Fig. 34.7 Three days postoperatively, a blepharoplasty patient developed pseudomonas cellulitis with associated abscess formation.

Eyelid sloughing

Eyelid necrosis has been reported sparingly in the literature and can follow inadvertent injection with formaldehyde or other substances (i.e. atropine, alcohol, boric acid) instead of local anesthetic. Complete eyelid sloughing can develop, necessitating multiple eyelid reconstructive procedures and setting the patient up for scarring, persistent lagophthalmos and chronic ocular irritation from dry eye (Fig. 34.8).

Fig. 34.8 Severe eyelid sloughing is seen in a patient after injection with formalin (A,B).

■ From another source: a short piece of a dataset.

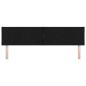 Preview: LED Kopfteil Schwarz 180 cm Stoff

The surgeon was inadvertently handed formalin instead of local anesthesia and the patient immediately complained of pain. Four stages of eyelid reconstruction were needed to provide sufficient corneal coverage (C).

Chemosis

Conjunctival edema can develop in the early or intermediate postoperative period as the result of incomplete eyelid closure, ocular allergy, sinusitis or surgical edema. Chemosis can be worsened by systemic conditions, such as renal failure (Fig. 34.9). Corneal drying may occur, as the edematous conjunctiva balloons around the cornea preventing adequate tear film dispersion. Additionally, the exposed conjunctival surface may keratinize, leading to worsening foreign body sensation and ocular irritation. Treatment is with preservative-free artificial tears and ointment. A mild topical steroid eye drop can be prescribed, but should only be given in conjunction with ophthalmic evaluation to assure normalcy of the intraocular pressure and to rule-out secondary infectious keratitis. Rarely, a temporary suture tarsorrhaphy may be needed.